• EXERCISE BRIEF:
Print nothing except the line holding "this 1000×668 image." and the lines that come after it in the material below, and leave the pictures out.
──────────
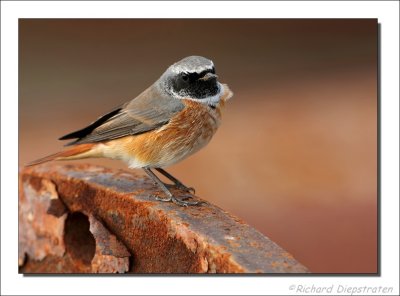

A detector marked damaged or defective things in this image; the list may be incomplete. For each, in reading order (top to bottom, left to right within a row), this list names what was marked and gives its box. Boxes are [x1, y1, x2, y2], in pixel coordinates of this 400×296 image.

hole in rusty metal [63, 212, 95, 264]
rusted steel surface [18, 163, 308, 274]
orange rust texture [18, 163, 310, 274]
rusty metal beam [18, 163, 310, 274]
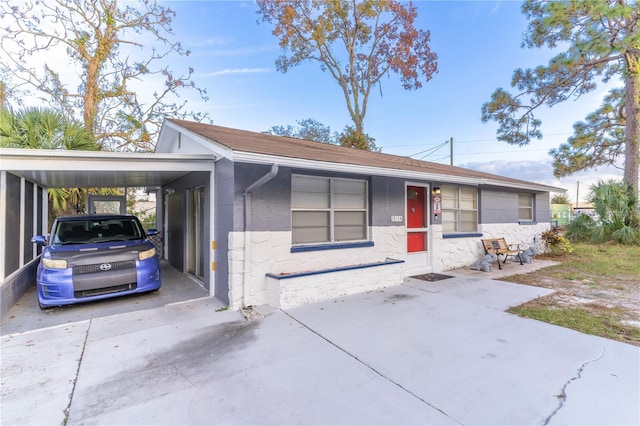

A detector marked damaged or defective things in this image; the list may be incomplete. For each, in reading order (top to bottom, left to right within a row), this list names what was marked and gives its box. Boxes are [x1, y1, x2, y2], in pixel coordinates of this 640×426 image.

sidewalk crack [62, 318, 92, 424]
sidewalk crack [544, 346, 604, 426]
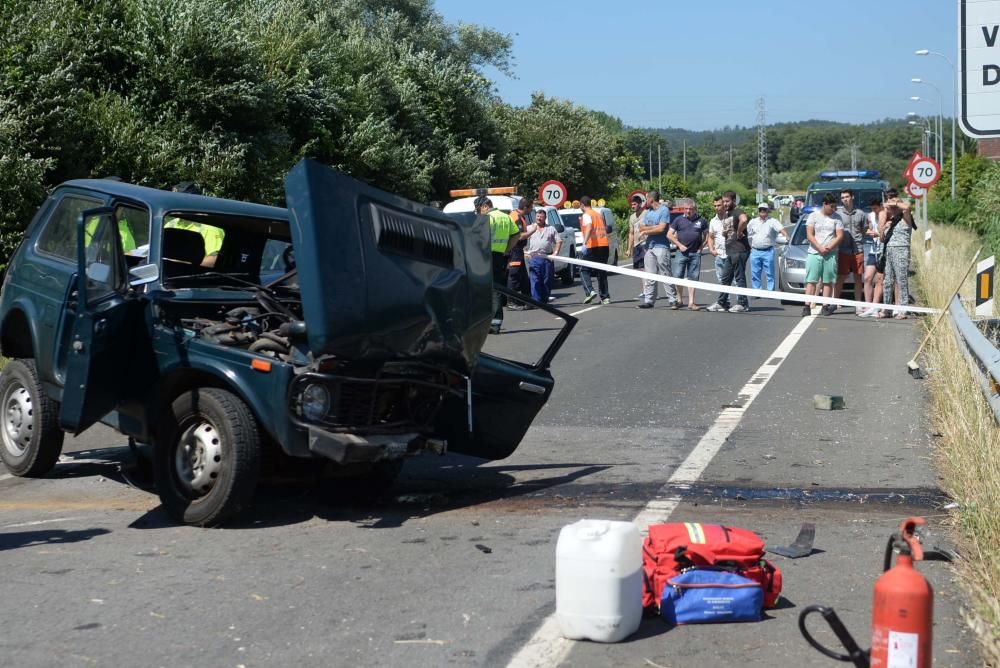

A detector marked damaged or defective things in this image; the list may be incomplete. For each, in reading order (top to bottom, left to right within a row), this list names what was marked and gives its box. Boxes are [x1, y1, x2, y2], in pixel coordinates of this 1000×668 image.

crumpled car body [0, 159, 576, 524]
damaged dark green suv [0, 160, 576, 528]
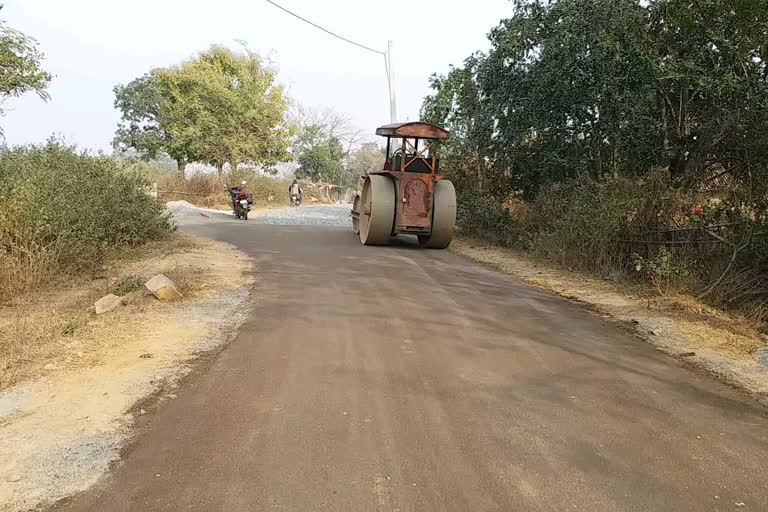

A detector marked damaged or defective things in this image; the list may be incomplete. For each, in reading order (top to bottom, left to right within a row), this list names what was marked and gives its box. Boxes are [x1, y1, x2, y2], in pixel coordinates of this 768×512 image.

rusty metal roof [374, 122, 450, 140]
──────────
• RESPONSE TO THIS TASK:
A detector marked damaged or defective things in this image; the list may be incomplete. For each, in reading order (top to bottom, left to right within a row), this list names what was marked and gives its box. Boxes are [x1, y1, x2, y2], in pixel coordinates of this 1000×668 image.

crumpled car body [0, 159, 576, 524]
damaged dark green suv [0, 160, 576, 528]

A detector marked damaged or defective things in this image; the list may be incomplete. For each, in reading order (top to bottom, left to right within a row), this list names what was marked and gives its box. Boxes are [x1, y1, x2, y2], in pixel coordinates of this 768×512 image.

rusty metal roof [374, 122, 450, 140]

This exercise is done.